National Bank of Korea (Law Firm Sejong, Attorneys Min Young-young et al., Counsel for the defendant-appellant)

Defendant, Appellant

E.C. Elevator Korea Co., Ltd. and two others (Attorneys already appointed and one other, Counsel for the plaintiff-appellant)

The judgment below

Seoul High Court Decision 2016Na2071806 decided November 10, 2017

Text

Of the lower judgment, the part of the lower judgment regarding Defendant Hodu Construction Co., Ltd. and Defendant Korea Housing Finance Corporation is reversed, and that part of the case is remanded to the Seoul High Court. The final appeal by Defendant Escurf elevator Korea Co., Ltd. is dismissed. The costs of appeal incurred between the Plaintiff and Defendant Escurf Korea Co.

Reasons

The grounds of appeal are examined.

1. As to the grounds of appeal by Defendant Name Construction Corporation and Korea Housing Finance Corporation

A. Case summary

Review of the reasoning of the lower judgment and the record reveals the following facts.

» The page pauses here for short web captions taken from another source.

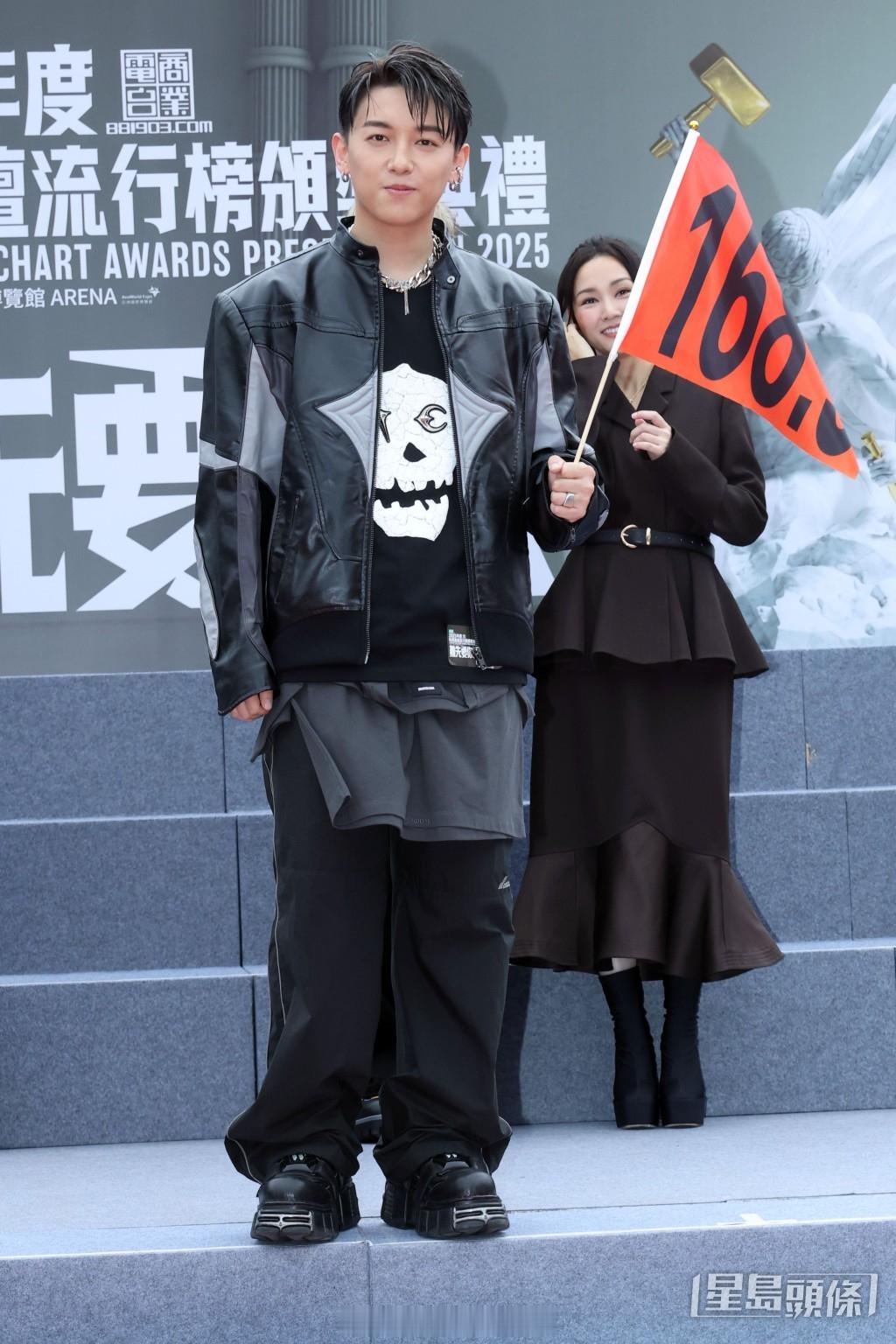 MC直认MIRROR缺席叱咤令场面冷清 睽违五年争“我最喜爱” 对手始终是自己 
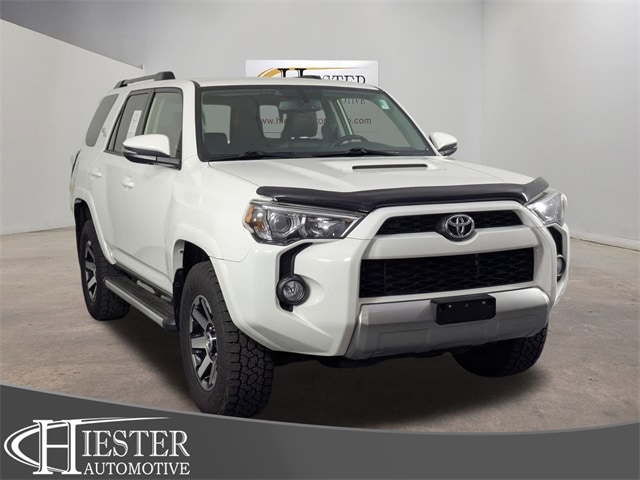 2019 Toyota 4Runner TRD Off-Road Premium's photo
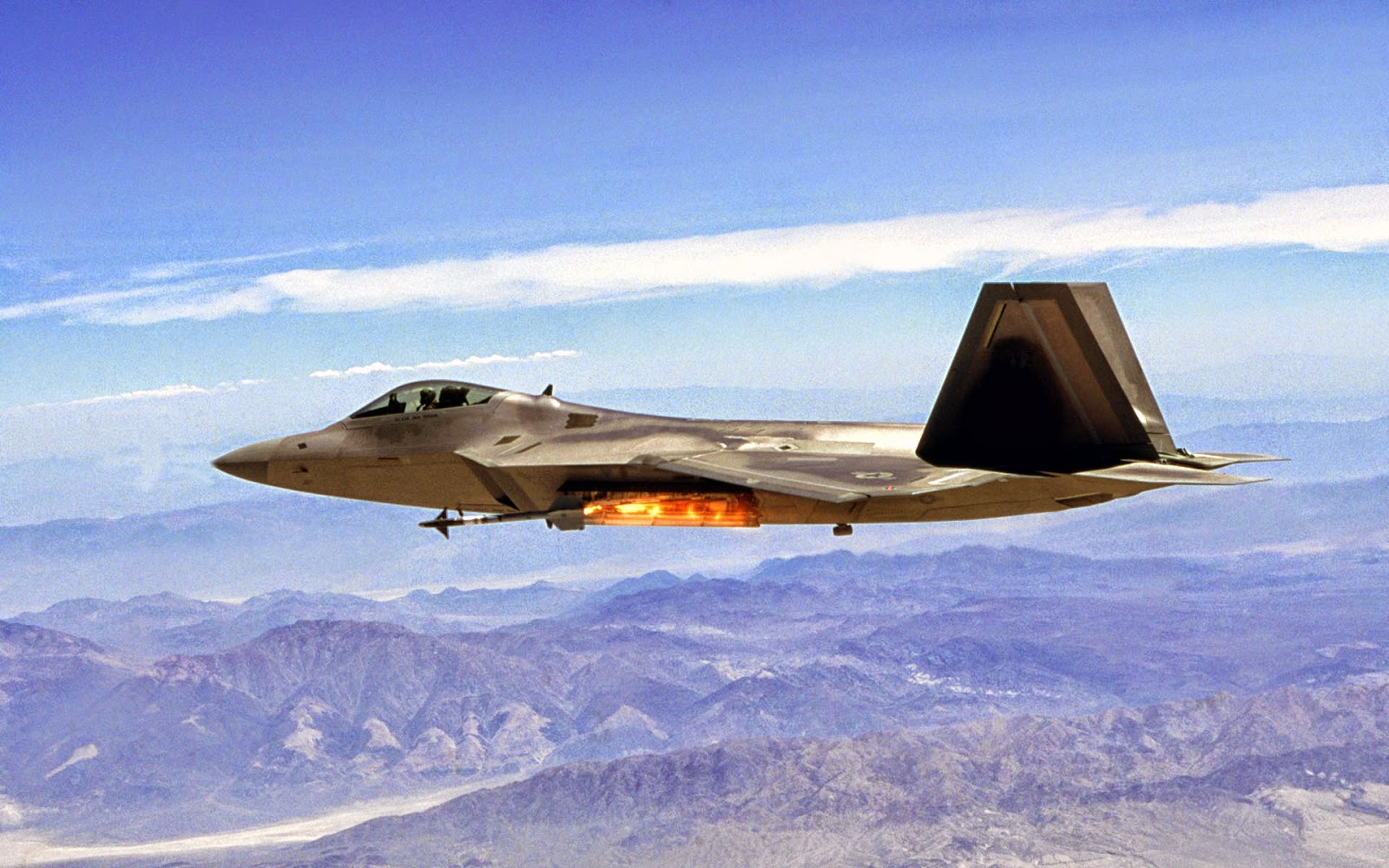 United States Air Force: F-22 Raptor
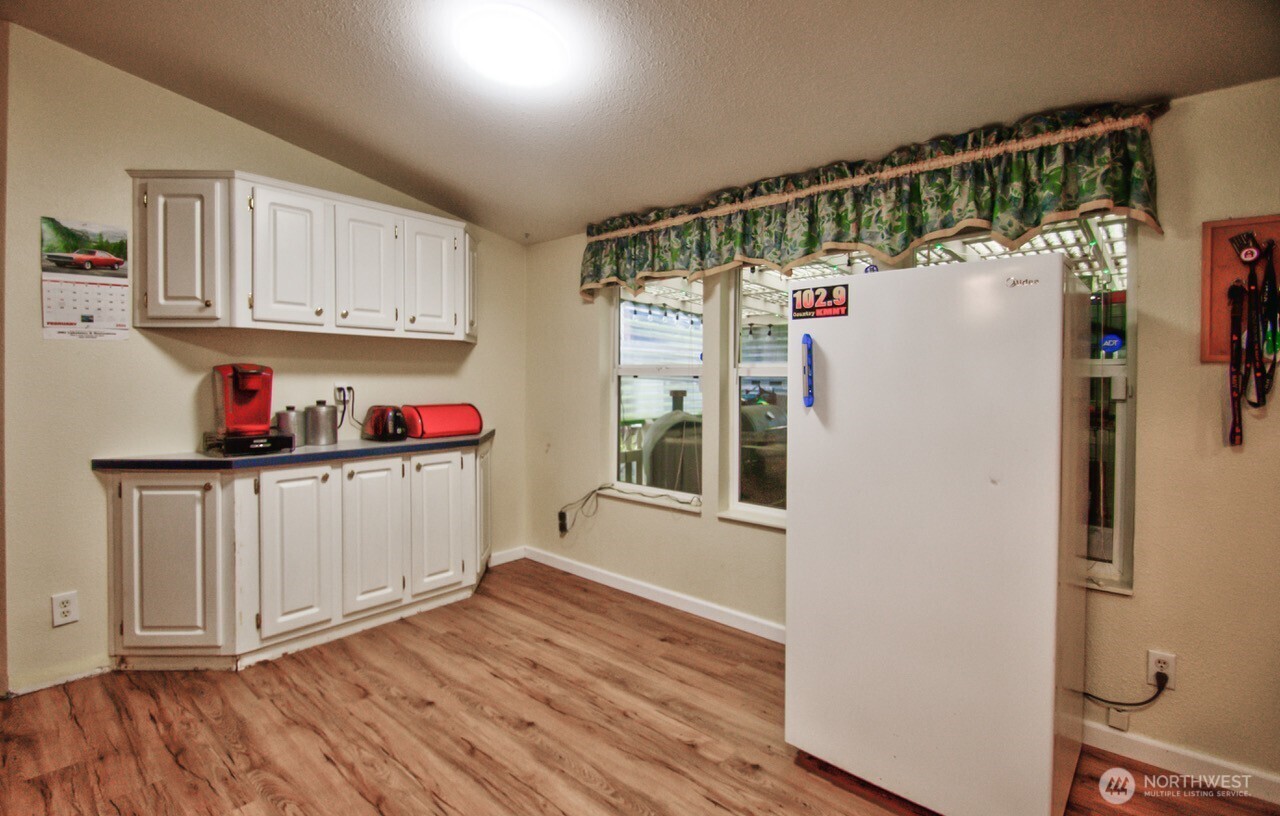 307 S 3rd Ave , Pe Ell, WA 98572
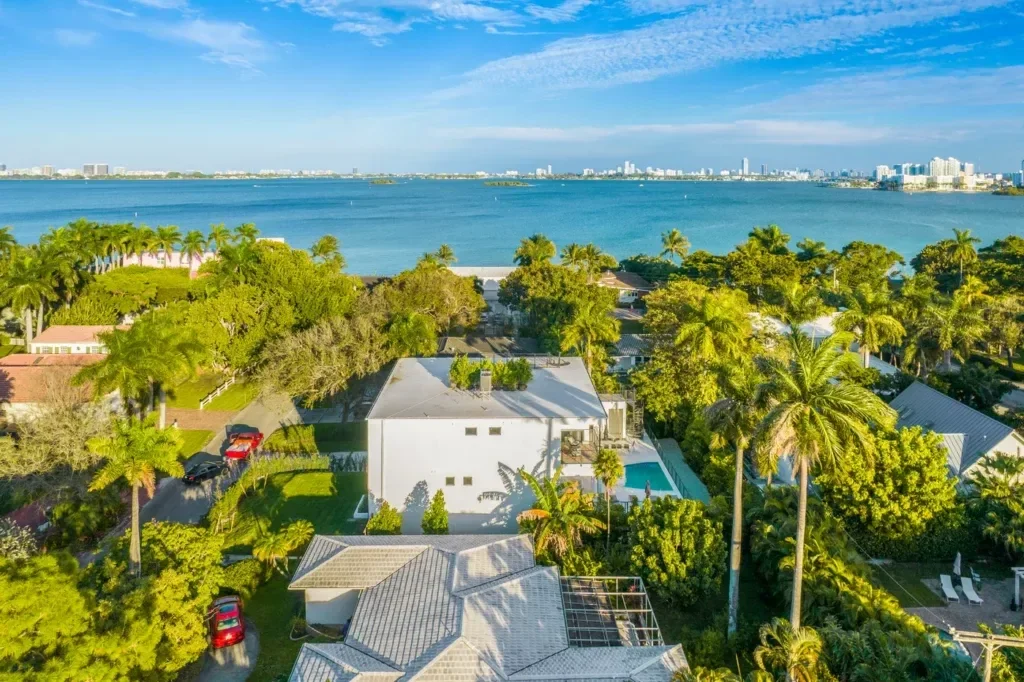imgi_20_villa-republic-miami-villa-summercrest-095-1024x682.webp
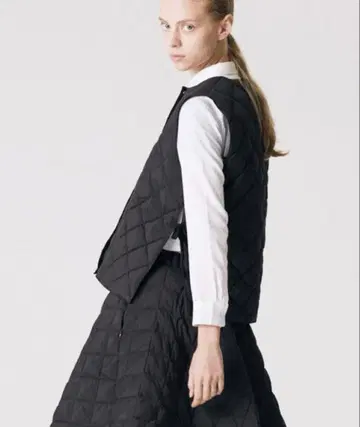 타이온 더블 라인 크루넥 사이드 오픈 다운 베스트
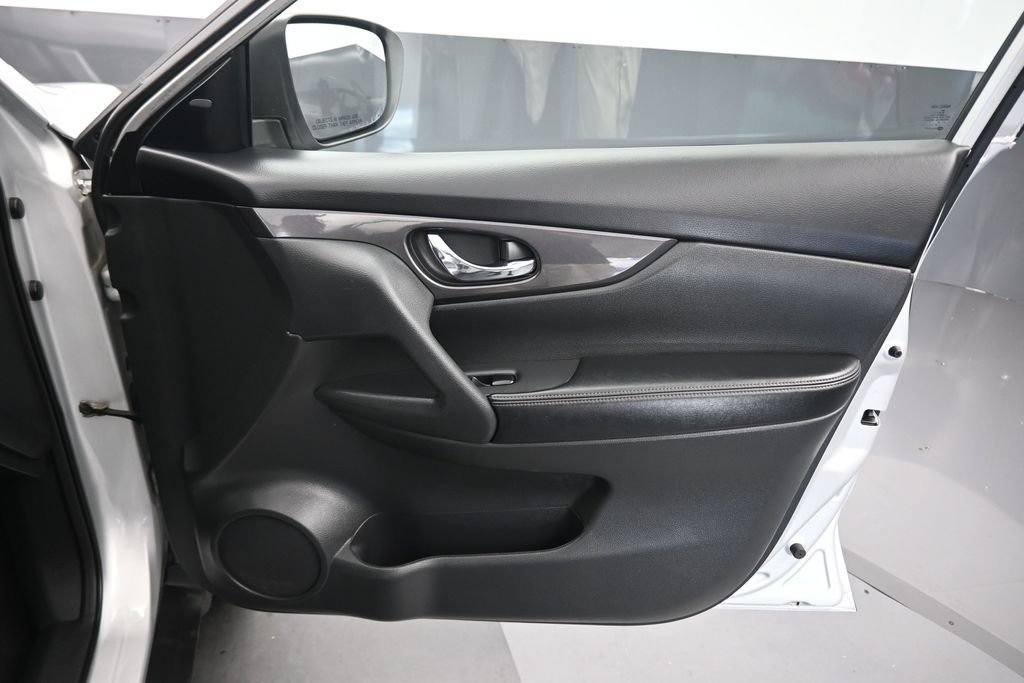 Used 2020 Nissan Rogue SV w/ Premium Package AWD/4WD image 43
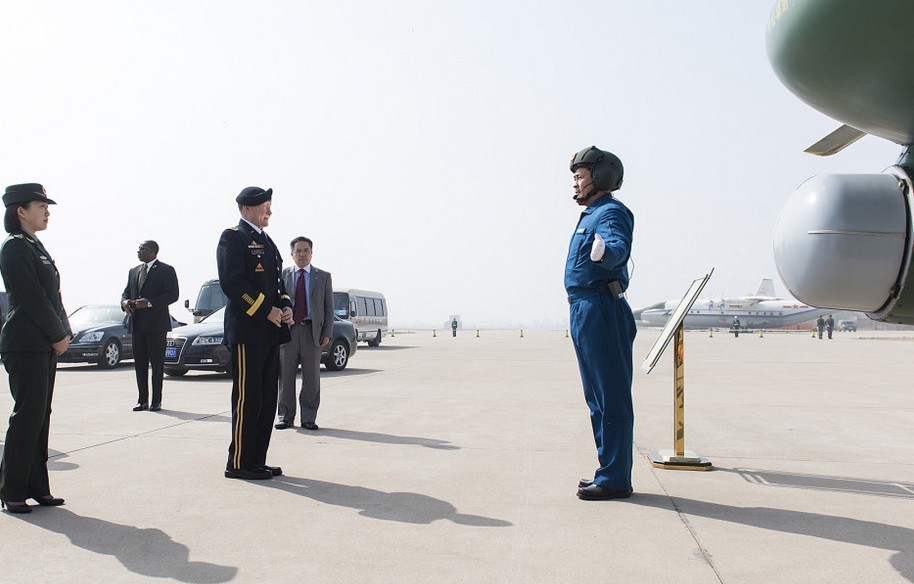 Gen. Martin Dempsey, the visiting chairman of the U.S. Joint Chiefs of Staff, visited the 4th Helicopter Regiment of the army aviation force of the Chinese People's Liberation Army (PLA), watched static display of the Mi-171 and the WZ-9 helicopters and viewed the flight performance of the WZ-10 and the WZ-9 helicopters on the morning of April 24, 2013. Afterwards, Gen. Dempsey successively visited the Army Aviation Force Academy of the PLA and the National Defense University (NDU) of the PLA and held discussions and exchanged views with the teaching and research staff and cadets representatives. (Xinhua)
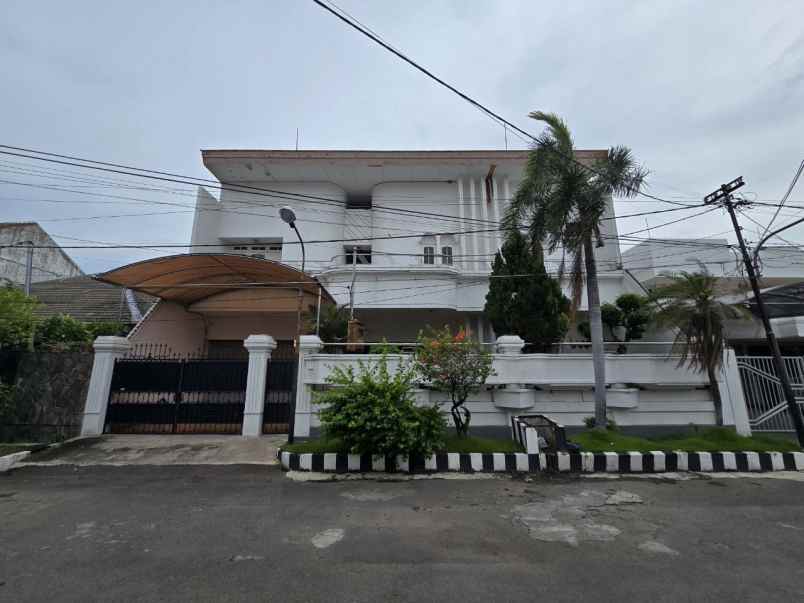 rumah manyar kertoarjo strategis sangat terawat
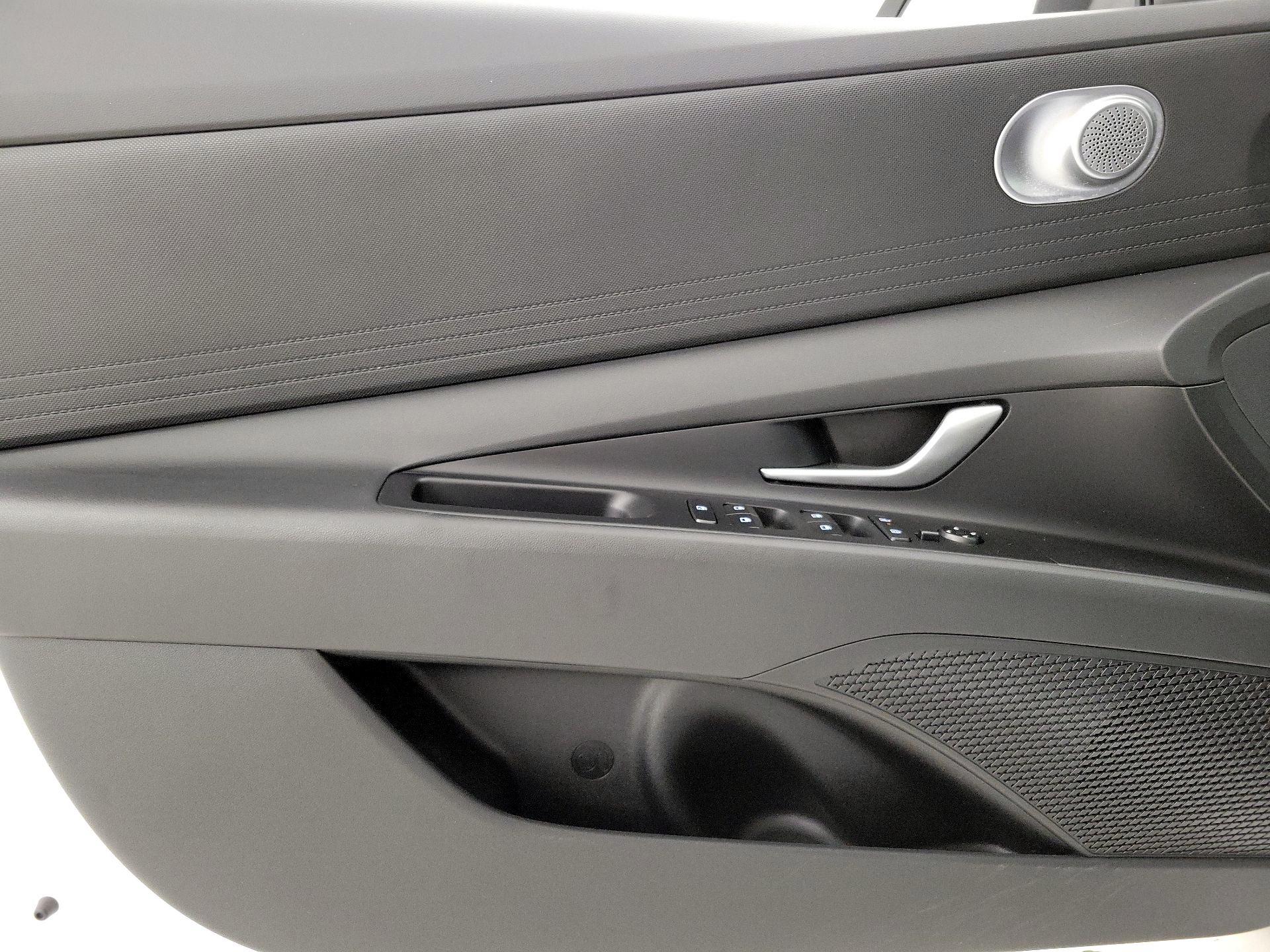 Thumbnail: 2025 Hyundai Elantra - 12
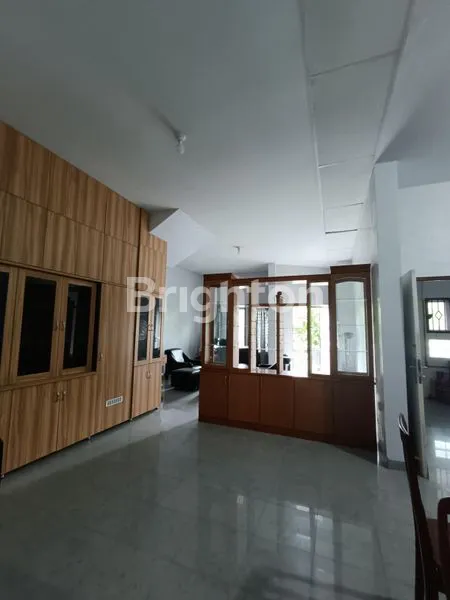 image RUMAH CANTIK 2 LANTAI SIAP HUNI LENGKAP FURNISHED  (2)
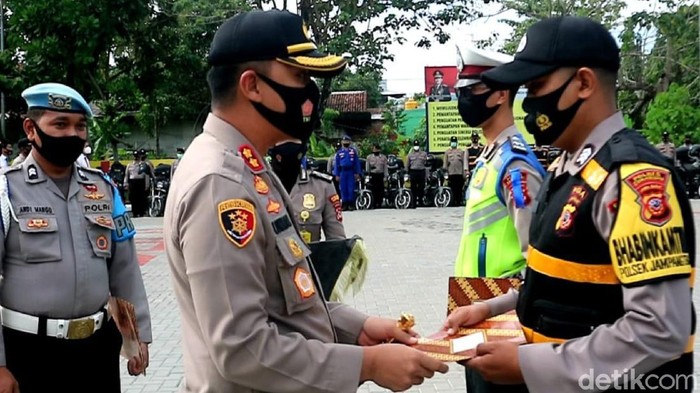 Brigadir Sugiarto mendapat penghargaan dari Kapolres Sukabumi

1) The establishment and approval of the project plan of the reconstruction association of this case

A) The ○○○ Urban Rebuilding Housing Association (hereinafter “instant reconstruction association”) is a reconstruction association established to construct an apartment on the 9,261 square meters of land (hereinafter “instant land”) located in Yangcheon-gu Seoul Metropolitan Government (hereinafter “instant reconstruction association”) where the sectional owners of the ○○ Urban Housing located in Yangcheon-gu, Seoul ( Address omitted), which is an aggregate building for which the registration of site ownership has been completed, remove the building before its destruction and construct the apartment on the land (hereinafter “instant reconstruction association”) (hereinafter “instant reconstruction project”).

B) The reconstruction association of this case obtained authorization for the establishment on June 23, 2003 pursuant to the former Housing Construction Promotion Act (amended by Act No. 6852 of Dec. 30, 2002; hereinafter the same) and obtained approval for the business plan on June 30, 2003 pursuant to Article 33(1) of the same Act.

C) The above project plan was intended to remove the building before its destruction and build six new apartment units on the instant land with a scale of 155 households.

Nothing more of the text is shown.